OHDSI / DatabaseConnector

An R package for connecting to databases using JDBC.
http://ohdsi.github.io/DatabaseConnector/
54 stars 79 forks source link

can I implement bulkLoad for BQ ? #288

Open javier-gracia-tabuenca-tuni opened 3 weeks ago

javier-gracia-tabuenca-tuni commented 3 weeks ago

Loading a table in BigQuery with DatabaseConnector::insertTable is quite slow

I usually have to use package bigrquery

quick dirty demo image

If you want I can make insertTable with bulkLoad=TRUE to work also BQ using bigrquery, or do you prefer other method such command line, may be more complex but nor need an extra package ??
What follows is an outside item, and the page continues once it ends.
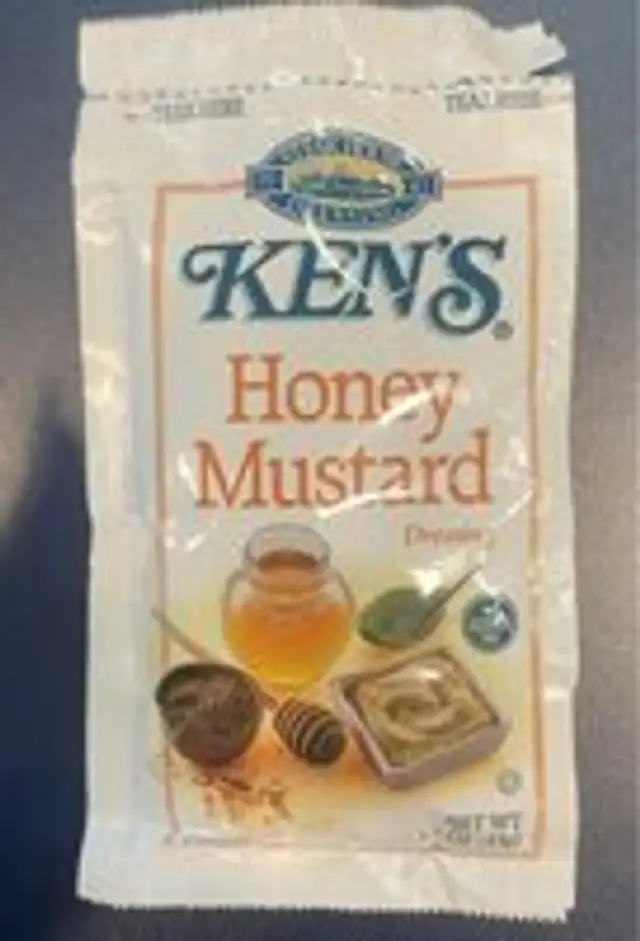 Honey Mustard Dressing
ablack3 commented 3 weeks ago

We could have a DatabaseConnectorDbiConnection that wraps bigrquery connections similar to how DatabaseConnector wraps other DBI drivers. I think this would make sense.
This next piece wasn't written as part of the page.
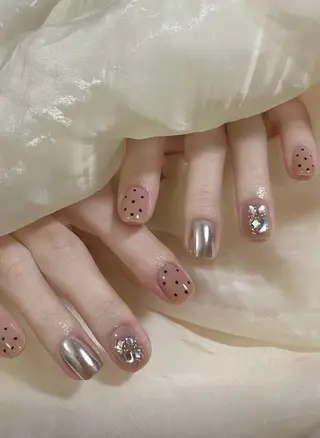 ネイル RINN ANA.CHUOのネイルデザイン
javier-gracia-tabuenca-tuni commented 2 weeks ago

Thanks @ablack3, Now that you mention this, I remember than 3 years ago I made hack to use DatabaseConnector to work with bigquery using DBI, bcs JDBI was not allowed in our research enviroment.

https://github.com/FINNGEN/DatabaseConnector

It worked very well, but the code is very dirty,

I could work on making this the right way if you think that PR will be accepted ???

javier-gracia-tabuenca-tuni commented 2 weeks ago

that hack was very simple, just used bigrquery to make the DBI connection following how DatabaseConnector uses SQLite.

https://github.com/FINNGEN/DatabaseConnector/blob/a4125c6643ca3933ecb6ff8d5aa62e9b21fff1d4/R/Connect.R#L578

The dirty part comes, where I had to pass some extra parameters for bigrquery, I just added these paramenters to all the necessary functions, this should be different.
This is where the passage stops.